Jube: Uno


Tras preparar el quiosco para la noche, Jube cargó su carrito de la compra con periódicos y emprendió su ronda rutinaria por los bares de Jokertown.

Con Acción de Gracias a menos de una semana, el frío viento de noviembre tenía un filo cortante cuando bajaba ululando por Bowery. Jube caminaba con dificultad, aguantando con una mano su maltrecho sombrero de media copa mientras que con la otra tiraba del carro de alambre de dos ruedas por la acera agrietada. Vestía unos pantalones lo bastante anchos como para albergar a toda una multitud y una camisa hawaiana azul cubierta de surfistas. Nunca llevaba abrigo. Jube vendía periódicos y revistas en la esquina de Hester Street con Bowery desde el verano de 1952 y no había llevado abrigo ni una sola vez. Siempre que le preguntaban al respecto, se reía mostrando los colmillos, se golpeaba la tripa y decía: «Éste es todo el aislamiento que necesito, sí, señor».

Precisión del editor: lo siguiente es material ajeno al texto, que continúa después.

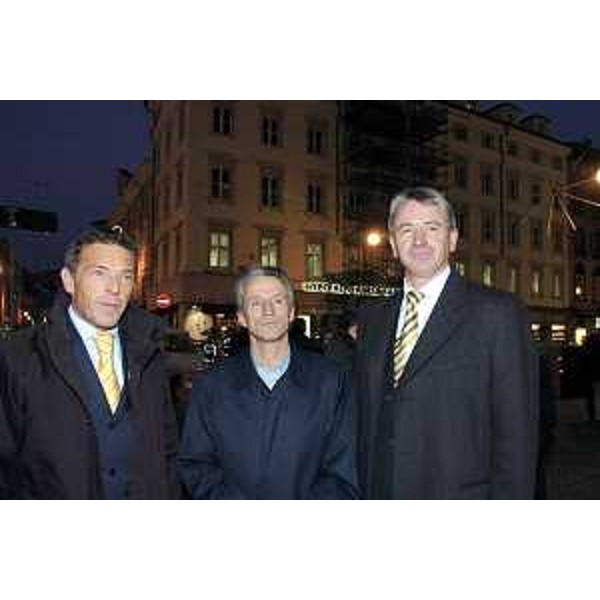 Joerg Haider (Governatore della Carinzia), Riccardo Illy (Presidente della Regione Friuli Venezia Giulia), Wolfgang Kulterer (Direttore generale della Hypo Bank). (Trieste, 19/11/04)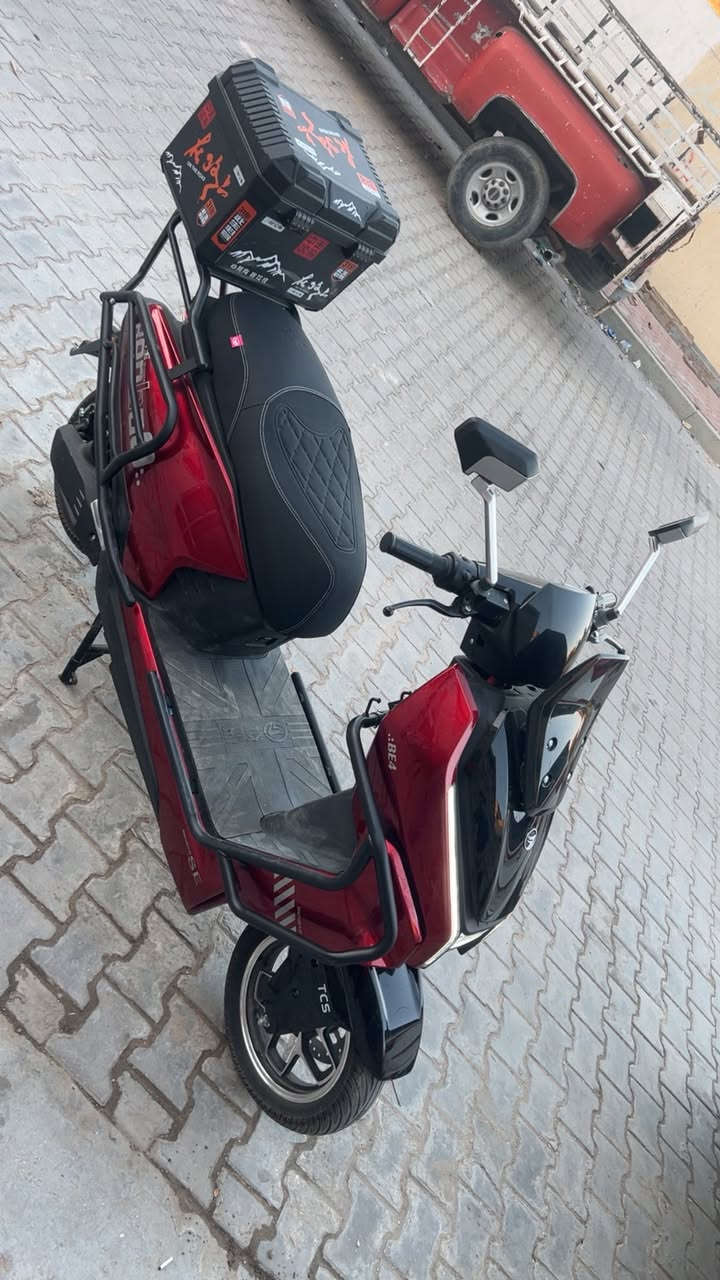 السلام عليكم دراجةالوحش  صارة 20 يوم من ماخذها بعدها زيرو
6 بطاريات 
4 سرعات 
سعرها مليون و 50 الف 
بغداد م الصدر 
***********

En el mejor de los casos, usando tacones, Jube Benson pasaba apenas un par de centímetros del metro y medio; pero una buena porción de aquel paquete compacto (casi ciento cuarenta kilos de carne aceitosa de un negro azulado) recordaba a la goma medio derretida. Tenía un rostro ancho y picado, el cráneo cubierto de mechones de pelo tieso de color rojo y dos pequeños colmillos curvados saliendo por debajo de las comisuras de la boca. Olía como a palomitas con mantequilla y sabía más chistes que cualquier otra persona en Jokertown.

Jube se contoneaba con brío, sonriendo a los peatones, pregonando sus periódicos a los coches que pasaban (incluso a aquellas horas, la calle principal de Jokertown estaba lejos de estar desierta). En La Casa de los Horrores, dejó una pila de Daily News al portero para que los repartiera a los clientes que se iban, junto con un Times para el propietario, Des. Un par de manzanas más abajo estaba el Club del Caos, donde dejó otro montón. Jube había guardado una copia del National Informer para Lambent; el portero lo cogió con una mano descarnada e incandescente.

—Gracias, Morsa.

—Léetelo entero —dijo Jube—. Dice que hay un nuevo tratamiento que convierte a los jokers en ases.

Lambent rió.

—Sí, seguro —dijo hojeando el periódico. Una lenta sonrisa apareció en su rostro fosforescente—. Eh, mira esto, Sue Ellen va a volver con J. R.

—Como siempre —dijo Jube.

—Esta vez va a tener su bebé joker —dijo Lambent—. Dios, qué tía más tonta. —Dobló el periódico y se lo puso bajo el brazo—. ¿Te has enterado? Gimli va a volver.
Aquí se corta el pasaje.